- Interactive map of Manago Hotel

Restaurant information
- Established: 1917
- Owner(s): Dwight & Cheryl Manago
- Previous owner(s): 1st Generation: Kinzo & Osame Manago 2nd Generation: Harold & Nancy Manago
- Location: Captain Cook, HI 96704, Hawaii
- Coordinates: 19°29′25″N 155°54′39″W﻿ / ﻿19.490227665294427°N 155.91091013068677°W
- Website: https://www.managohotel.com/hotel-history/

= Manago Hotel =

Award winning Hawaiian restaurant

Manago Hotel is a hotel and restaurant in Captain Cook, Hawaii on the island of Hawaii. It opened in 1917, originally as the home of Kinzo and Osame Manago, before eventually becoming a hotel. Since then the hotel has continued to provide affordable lodging and simple meals, with a total of 64 rooms and an accompanying restaurant. The restaurant serves classic Hawaiian regional cuisine, including locally famed pork chops. It is the longest continually running restaurant in Hawaii.
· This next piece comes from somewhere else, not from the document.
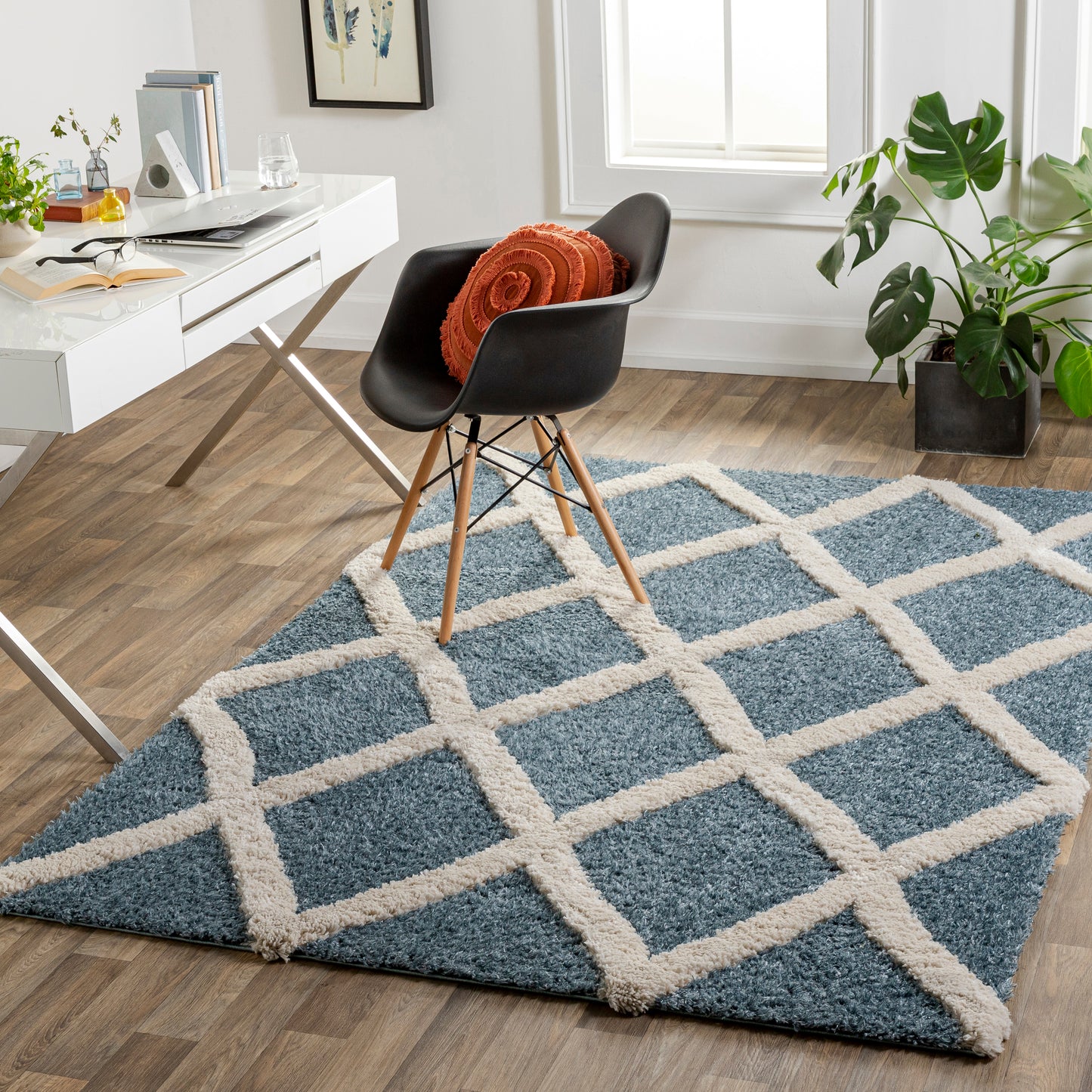 Hudson shag 30703 Machine Woven Synthetic Blend Indoor Area Rug by Surya Rugs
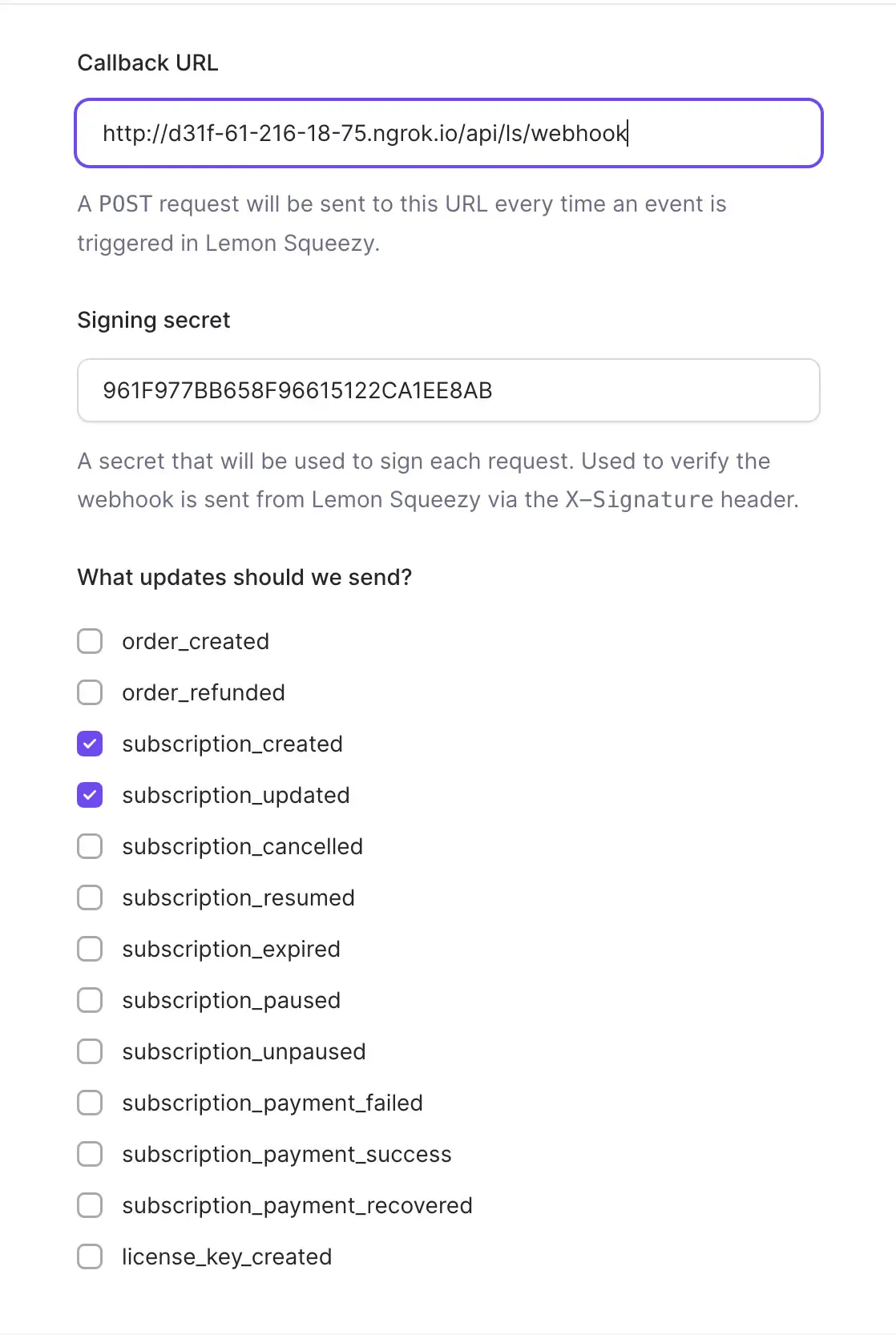 Lemon Squeezy Webhook Setup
In 2023 it was named an America's Classic by the James Beard Foundation.

== History ==
The Manago Hotel was first the personal home of Kinzo and Osame Manago, where they lived and made udon noodles for purchase. Kinzo Manago immigrated to Hawaii while he was traveling to Canada to study English, when his traveling partner lost his money gambling he searched for work. The Wallace family in Captain Cook hired him as a cook, where he saved his money for a picture bride, his future wife Osame. After taking a $100 loan from the Wallace's, they purchased their home where they sold udon, jam, coffee, and other foods. Once their second child was born, they added another room to the building, and soon taxi drivers and salesmen traveling between Hilo and Kona asked if they could stay the night. They started charging between 50 cents and $1 for a bed or a futon on the floor. In 1929 they expanded to a second floor of rooms and started serving full meals and sake.

During World War II, Kinzo and Osame were contacted by the military to feed soldiers who were occupying the Konawaena High School. After the war, their son Harold Manago bought the land under the hotel to expand its acreage and guest rooms. Harold and his wife Nancy then became owners of the hotel. In 1970 the hotel expanded to its current capacity of 64 rooms.

In 1984, Dwight Manago and his wife Cheryl became owners of the hotel. On February 22, 2023, Manago Hotel was named a James Beard America's Classic, where sisters Britney and Taryn Manago run the restaurant. In January 2024 the County of Hawaii Affordable Housing Production Program awarded the nonprofit Mental Health Kokua $5.5 million in funds to purchase the hotel to convert it into affordable housing.

== Cuisine ==

The restaurant serves a simple array of items, mainly unchanged since the 1940s, for breakfast, lunch, and dinner. They serve many Hawaiian staples including Spam, local fish such as opelu and ono, and fried pork chops for which they are locally famous. Dishes are served with rice, and small sides called "Hawaiian Banchan" including macaroni salad. It is rumored the cast iron pan used for the pork chops is as old as the hotel.